Geometric expansion of illegal trade on the dark web is a massive threat to international cybersecurity. Passive, non-proactive traditional investigation falls short in facing the dynamic, anonymous nature of dark web markets. The novel VIGILANTE, a fresh paradigm, is proposed here as an AI system for the early detection of such markets before they emerge and the prediction of new cybercrime trends. The study utilizes a pre-filtered dataset, “DarkNet-2M Listings,” which comprises the five most visited (now closed) dark web markets, featuring 2 million web-scraped products gathered over 36 months.

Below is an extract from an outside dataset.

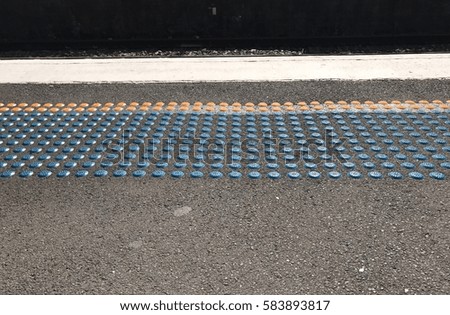 Dot material on train platforms support for people with disability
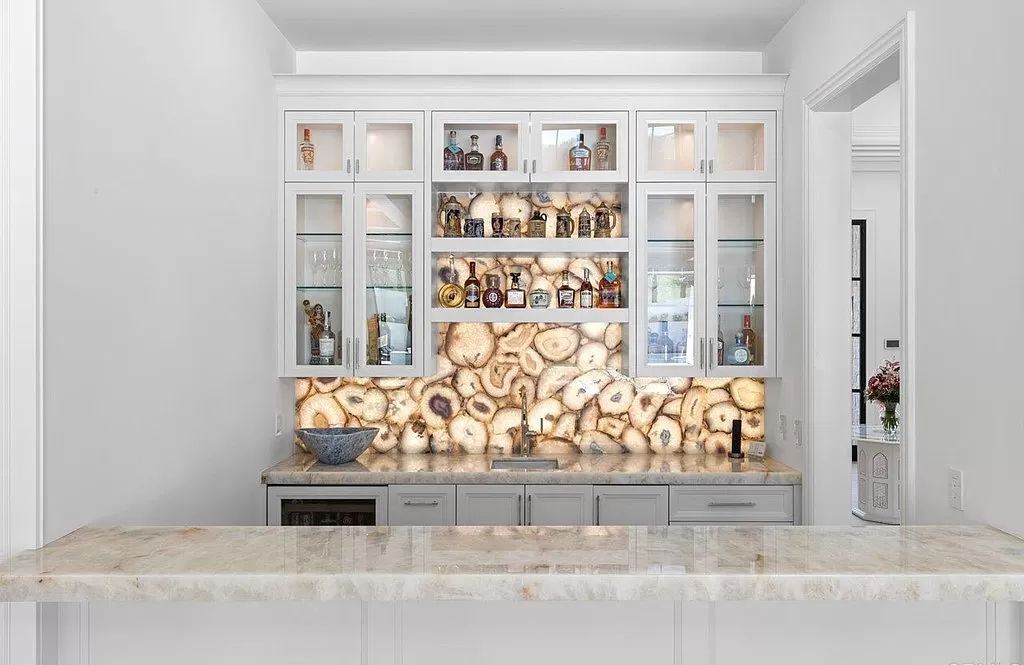 The Home in Rancho Santa Fe is a newly built estate with exquisite bespoke designer finishes and spectacular outdoor spaces now available for sale. This home located at 6395 Clubhouse Dr, Rancho Santa Fe, California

Our daily activity is a hybrid AI method. We use Natural Language Processing (NLP) methods, specifically a fine-tuned BERT model, for category tagging and semantic reasoning of illicit products and services. For the forecasting component, a Long Short-Term Memory (LSTM) neural network is subsequently trained on forecasted market movement trends using predicted time-series data from ads. The primary tool used for this work is Python, and the secondary tools utilized with it include the Scrapy library for web scraping, TensorFlow and Keras for model development, and Matplotlib for data visualization. Our result achieves highly precise illegal listing detection and highly precise trend forecasting—observed cybercrime trend matching—thus realizing the potential of AI as an extremely effective tool for security officials and police administrations to transition from a reactive security function to a proactive one.

Keywords: Cybercrime Trends; Long and Short-Term Memory; Natural Language Processing; BERT Model; Tensor Flow and Keras; Artificial Intelligence; Trend Matching; Illegal Trade.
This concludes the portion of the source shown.